Wilson County Extension Office Director Ruth Correll is set to retire today, capping off a decade of service to hundreds of local farmers.
“I’m older than the retirement age, by far, so it was just time to retire,” she said. “I really don’t know what I’m going to do next, but I’m going to find another passion because I want to wear out rather than rust out. My thing, and not that I can lay my hat on one particular thing, was providing customer service. That was my entire goal, was to provide and help the agricultural community with whatever they needed help with.”
Correll’s career at the local extension office dates back to 1993, but at the time she never imagined her part time job would turn into something she now considers a lifestyle.
“I am originally from Wilson County,” she said. “I was reared on a farm in the Norene community, and in 1987 my mother had a severe stroke. My husband was career military, so I came back here to help take care of my mother and when he retired we decided to move back to Wilson County.”
Working as a part-time program assistant allowed Correll to make use of her bachelor’s degree in agriculture from MTSU for the first time, following her previous career as a science and math teacher.

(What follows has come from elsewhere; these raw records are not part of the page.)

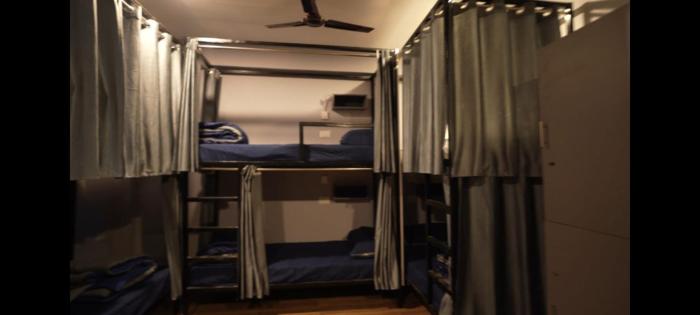 cheklaa a backpackers hostel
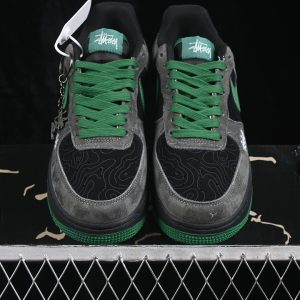 Nike Air Force 1 Low Casual Sneakers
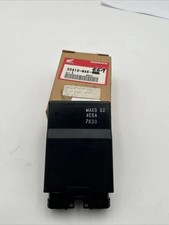 HONDA SLR650 Accensione Unit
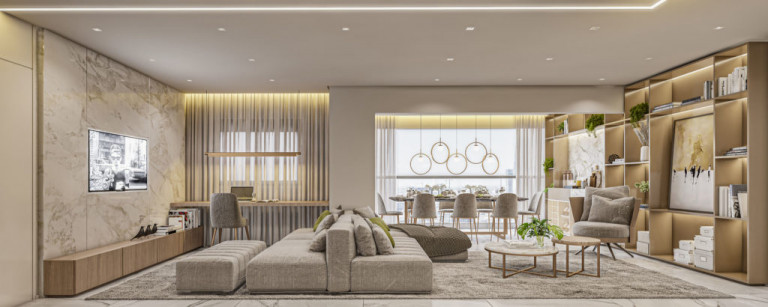 Imagem Apartamento com 3 Quartos à Venda, 95 m² em Vila Mariana - São Paulo Imagem Apartamento com 3 Quartos à Venda, 95 m² em Vila Mariana - São Paulo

Over the years she also served as a full-time program assistant and 4-H agent. She became the county director while also working as an adult Ag agent.
“My position will probably be opened up after the first of the year, and another Ag and Natural Resources agent will be hired,” she said. “That doesn’t necessarily mean that person will be county director.”
Agricultural and Natural Resources Agent Lucas Holman will take on Correll’s workload until that position is filled, so local farmers can expect to see continued service from extension in the meantime.
“We’re about education and helping farmers help themselves,” she said. “We want them to be economically viable, and we’re about doing whatever we can to help them to do that — to improve their agricultural operations, help them with production and help them with economics.”
Extension offers a variety of programs, classes and field days to meet those goals, and also serves as a liaison between farmers and the county government. But most of Correll’s day-to-day is about taking calls and making farm visits.
“We try to connect them with their resources,” she said. “A lot of them are unaware of the resources that are out there, so I personally visit them to figure out what their needs are and try to connect them with what they need. Every week is different, every phone call is different. It might be weed identification on this phone call, for another one it might be someone that has an issue with animal nutrition or hay production.”
According to Correll, that work is especially important as the number of farms in Wilson County declines.
“The average age of the producer is now upper 50s, early 60s,” she said, estimating that there are 1,200 existing farms in the county. “Agriculture, we can’t get by without it, but Wilson County is losing its agricultural landscape to development. If farms can stay economically viable then they’re more apt to stay farms, and that’s what we want to help them do.”
Correll has personal experience in that arena because of her childhood in Norene.
“The farm that I was reared on, that farm supported the family,” she said. “Our cash crops were beef, dairy, tobacco, primarily. But we had a garden, we had an orchard, preserved food, so that farm sustained us.”
When Correll started as the county’s extension director, her main goal was to be fully available to the local producers doing the same for their own families.
“The impact that I think I’ve made is just the fact that I was willing to help, that I was willing to be there and get people whatever they needed,” she said. “It’s a 24/7 job as far as I’m concerned. This job has not been a job, this has been a lifestyle for me.